PROVIDED MATERIAL ->
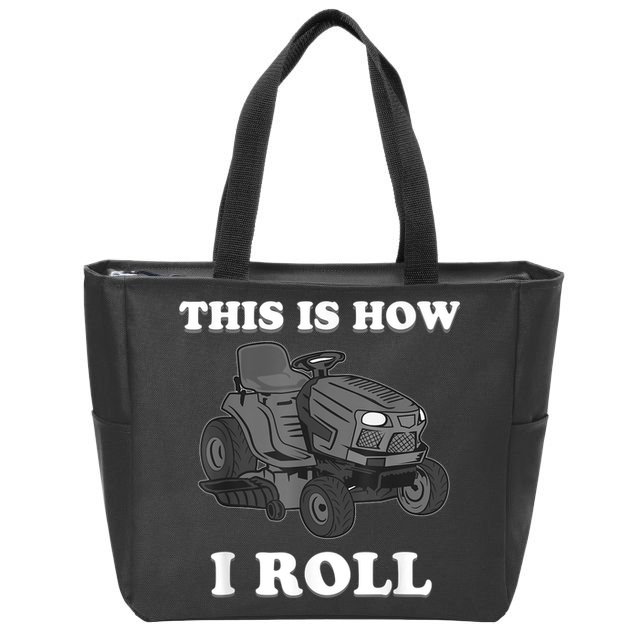 Funny Lawn Mower Mowing Riding Rider Toddler Kids Boys Zip Tote Bag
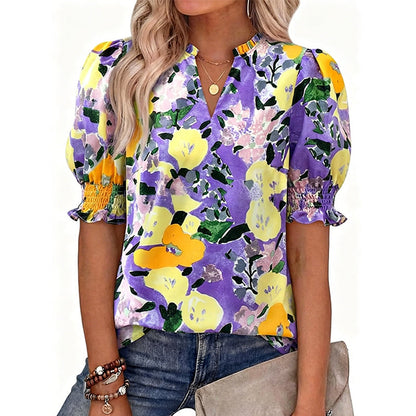 👚 50 % RABATT NU! 🌸 Avslappnad blommig skjorta – mjukt tyg, ledig passform & perfekt för vardag, jobb & fika ☕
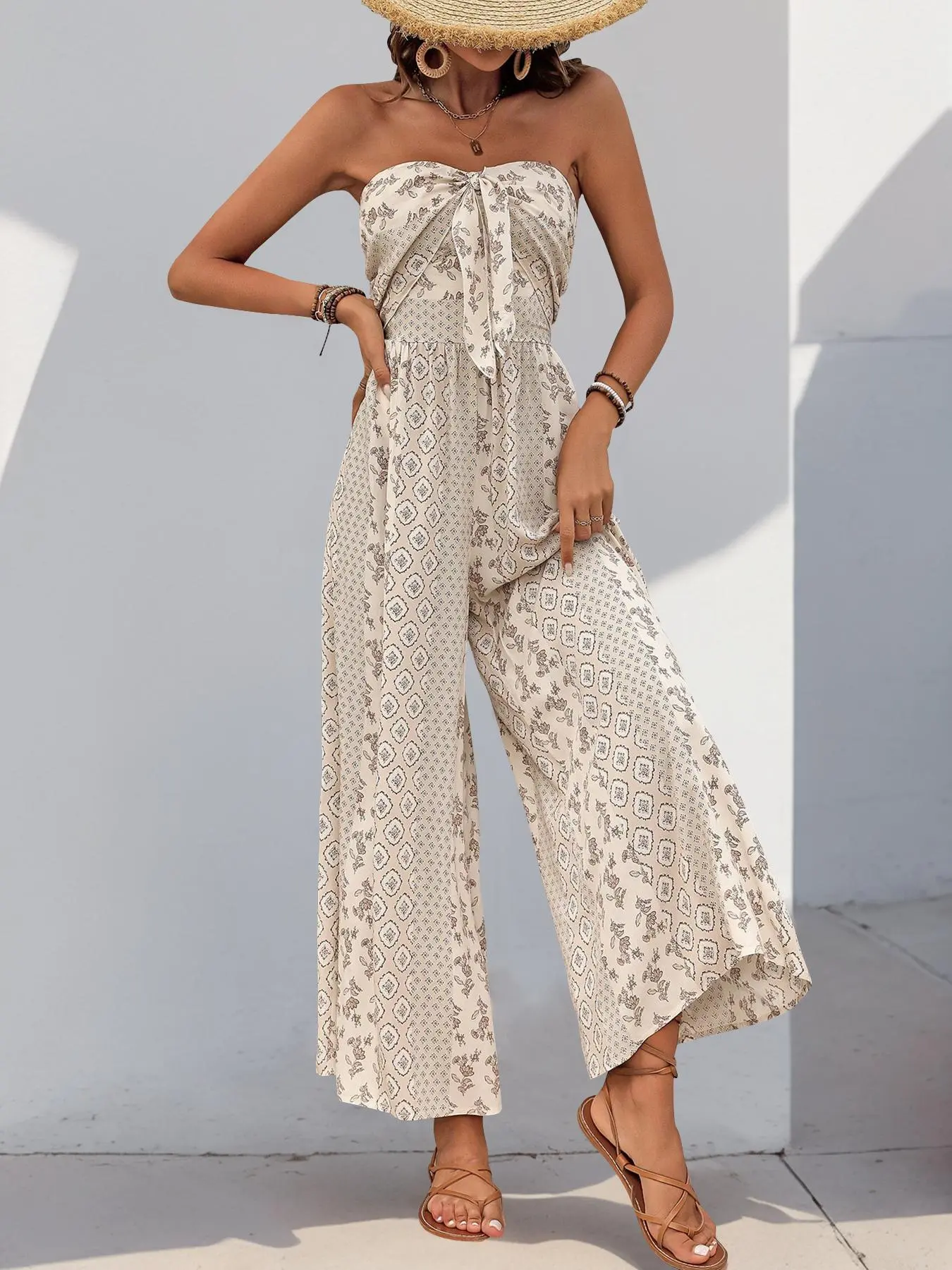 Women's All Over Floral Print Jumpsuit, Chic Casual Sleeveless Wide Leg Jumpsuit for Summer, Women's Clothes for Daily Wear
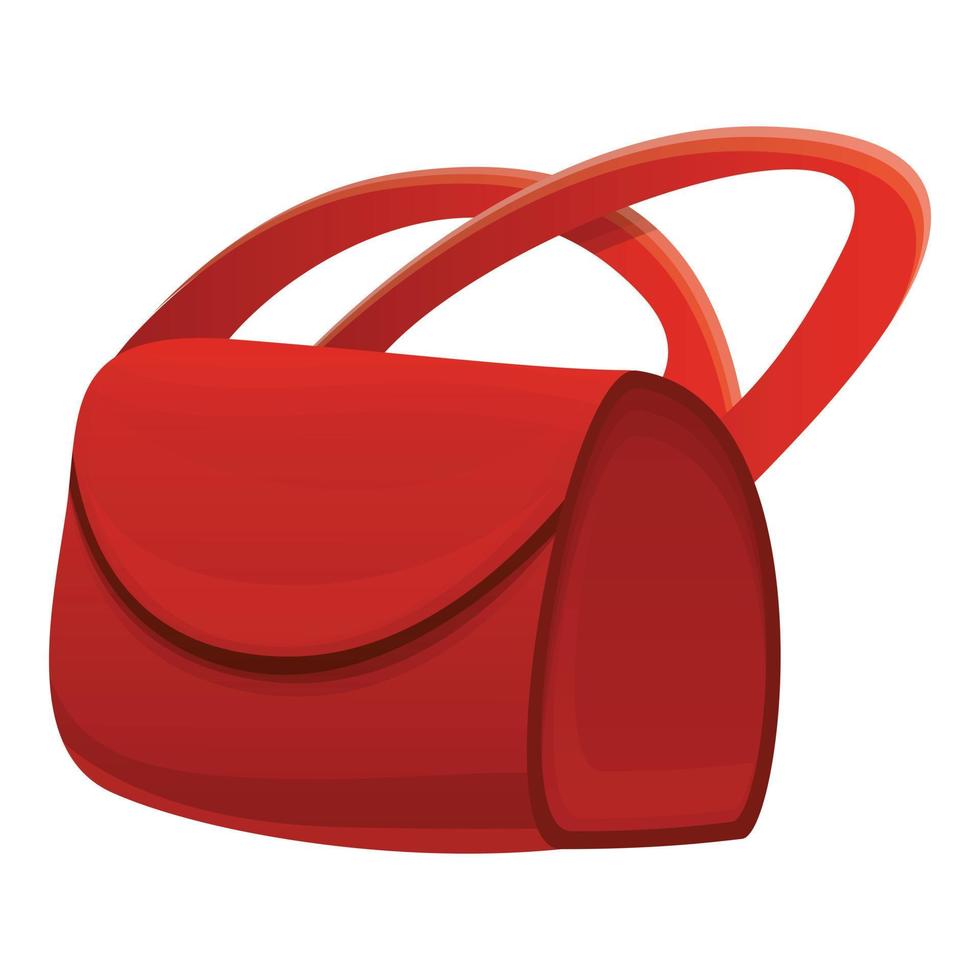 Postman red bag icon, cartoon style vector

TASK PROMPT -> A word-for-word reprint of the listing above is needed, minus the pictures.

SOLUTION FOR THIS EXERCISE ->
 Funny Lawn Mower Mowing Riding Rider Toddler Kids Boys Zip Tote Bag
 👚 50 % RABATT NU! 🌸 Avslappnad blommig skjorta – mjukt tyg, ledig passform & perfekt för vardag, jobb & fika ☕
 Women's All Over Floral Print Jumpsuit, Chic Casual Sleeveless Wide Leg Jumpsuit for Summer, Women's Clothes for Daily Wear
 Postman red bag icon, cartoon style vector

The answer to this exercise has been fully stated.